Veteran S.F. commissioner latest victim of attacks against Asian Americans

MSN - A veteran San Francisco commissioner was assaulted while walking home in San Francisco’s South of Market district, the latest in a spate of violent attacks against Asian Americans.

Gregory Chew, a former member of the city’s arts, film and immigrant rights commissions, said he was walking down Third Street at about 7:30 p.m. Tuesday when an assailant rolled up on a bicycle and suddenly began punching him.

“I didn’t even know what happened,” Chew told The Chronicle on Saturday as he sat at home recuperating from injuries, including a badly swollen eye and a broken left shoulder. He remembered blacking out on the sidewalk as the attacker took off.

When Chew regained consciousness, he remembered seeing two women emerge from a pingpong club, trying to help. A bystander evidently called police, and within minutes, he said, an ambulance arrived to take him to California Pacific Medical Center on Van Ness Avenue.

The man who attacked Chew did not say anything during the encounter, and his motivations were not clear. Chew said he felt his pockets minutes after the assailant left, and realized his wallet and cell phone were still there.

“There was no robbery,” he said.

Representatives of San Francisco Police Department did not immediately respond to requests for comment Saturday. As of Saturday evening the department had not released information on the alleged assault, nor have police identified a person of interest or announced an arrest.

Supervisor Matt Dorsey, whose district includes SoMa, described the assault in a tweet as “senseless violence” directed at a longtime public servant.

“We’ve talked and he is doing okay — he’s got many fans who are wishing him well — but there should be no place for these kinds of attacks in San Francisco,” Dorsey wrote, referring to Chew.

Both the supervisor and retired commissioner fear the attack fits a pattern of unprovoked violence against Asian Americans — particularly older adults like Chew, who is in his 70s — that ramped up during the pandemic.

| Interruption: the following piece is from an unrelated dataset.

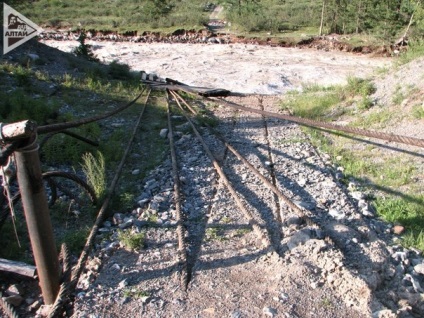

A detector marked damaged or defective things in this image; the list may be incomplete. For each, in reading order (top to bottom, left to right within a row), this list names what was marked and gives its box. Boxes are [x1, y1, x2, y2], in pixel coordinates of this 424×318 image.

rusty metal pole [13, 133, 60, 304]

On Sunday, Asian American community leaders and their allies rallied in Washington Square Park, urging the city to clamp down on what appear to be targeted crimes.

From March 19, 2020, to March 31, 2022, people nationwide reported 11,467 episodes of aggression and hate towards Asian Americans, one-sixth of which involved physical violence, according to data collected by the organization Stop AAPI Hate.